- THE TASK -
Every record is to be duplicated exactly as it reads, without its images.

[Dataset items]
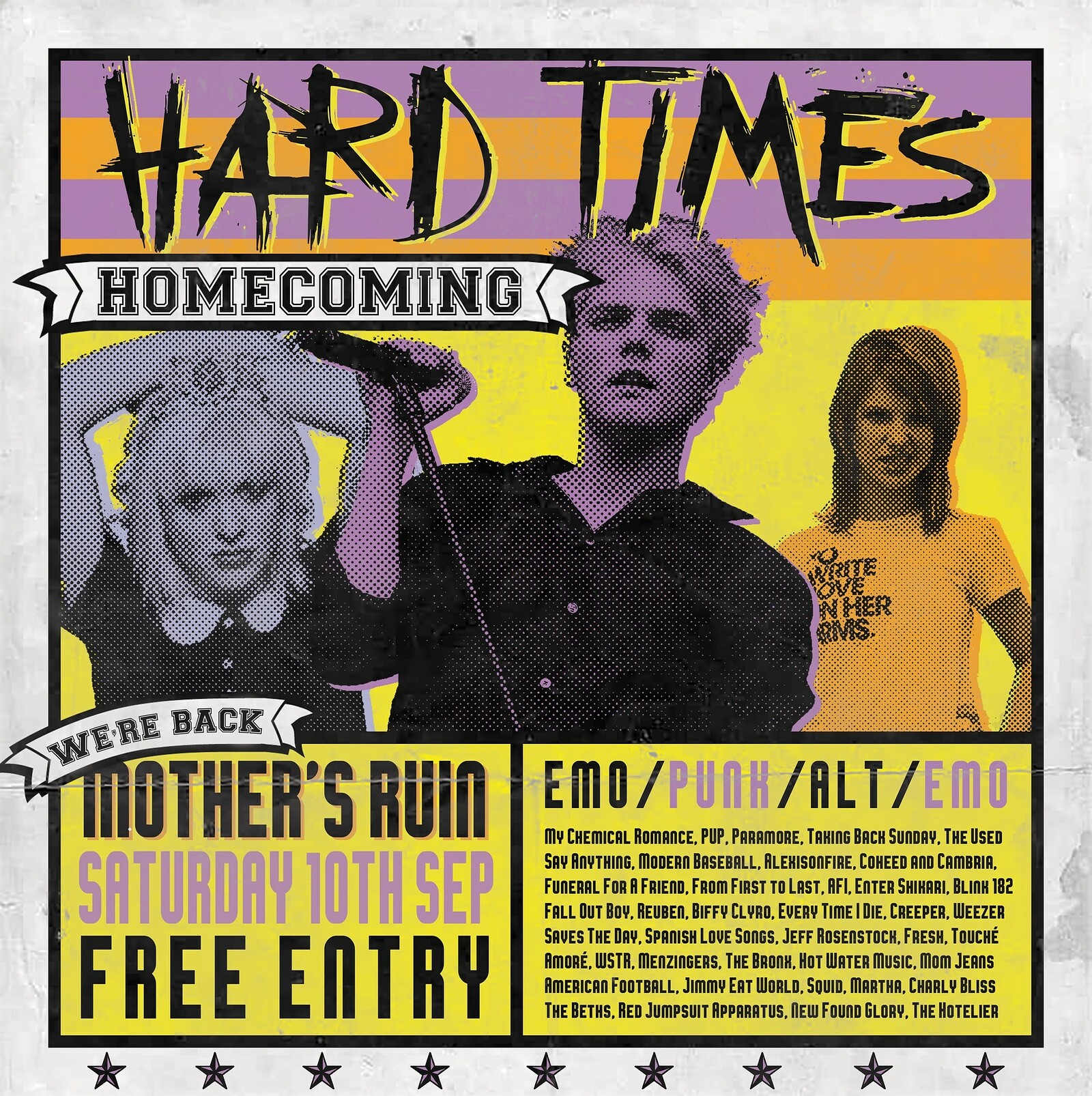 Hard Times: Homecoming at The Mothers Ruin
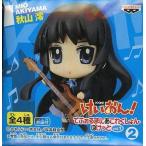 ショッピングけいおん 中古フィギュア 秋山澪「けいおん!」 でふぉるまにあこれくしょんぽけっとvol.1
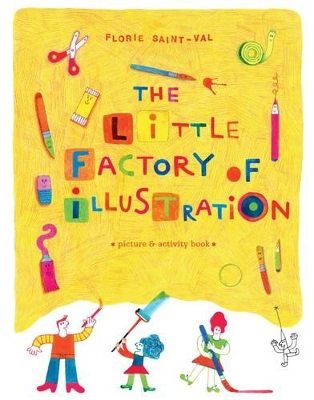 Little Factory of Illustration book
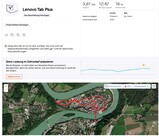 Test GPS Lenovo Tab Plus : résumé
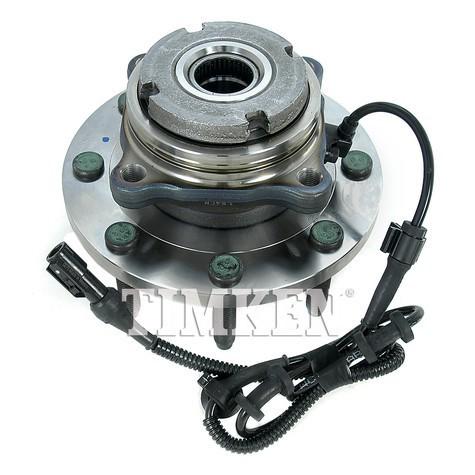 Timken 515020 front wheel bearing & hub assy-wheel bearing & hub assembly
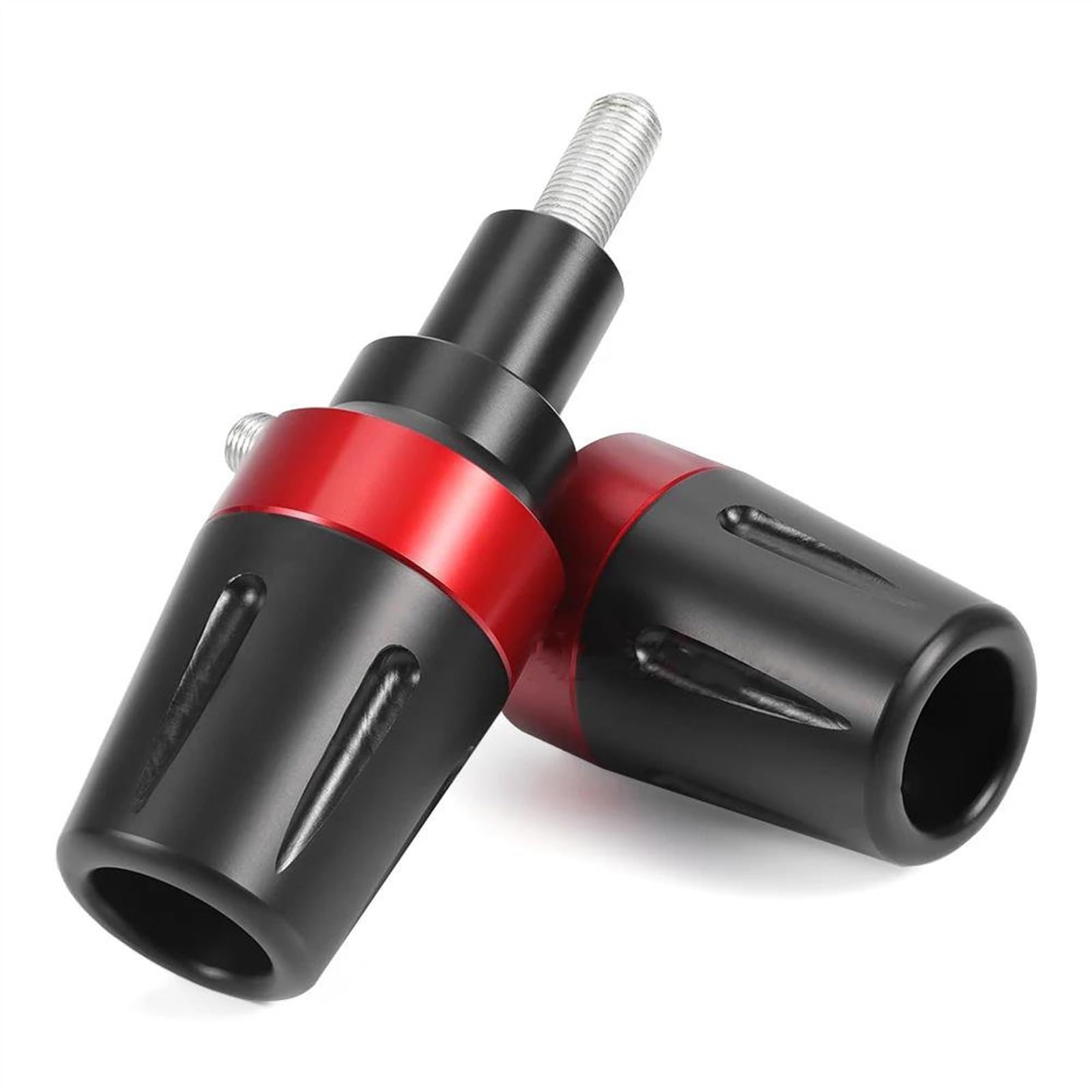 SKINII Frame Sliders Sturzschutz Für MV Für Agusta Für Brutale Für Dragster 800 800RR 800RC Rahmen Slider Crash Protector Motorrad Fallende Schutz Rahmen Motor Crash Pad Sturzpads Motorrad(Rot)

- EXERCISE RESPONSE -
 Hard Times: Homecoming at The Mothers Ruin
 ショッピングけいおん 中古フィギュア 秋山澪「けいおん!」 でふぉるまにあこれくしょんぽけっとvol.1
 Little Factory of Illustration book
 Test GPS Lenovo Tab Plus : résumé
 Timken 515020 front wheel bearing & hub assy-wheel bearing & hub assembly
 SKINII Frame Sliders Sturzschutz Für MV Für Agusta Für Brutale Für Dragster 800 800RR 800RC Rahmen Slider Crash Protector Motorrad Fallende Schutz Rahmen Motor Crash Pad Sturzpads Motorrad(Rot)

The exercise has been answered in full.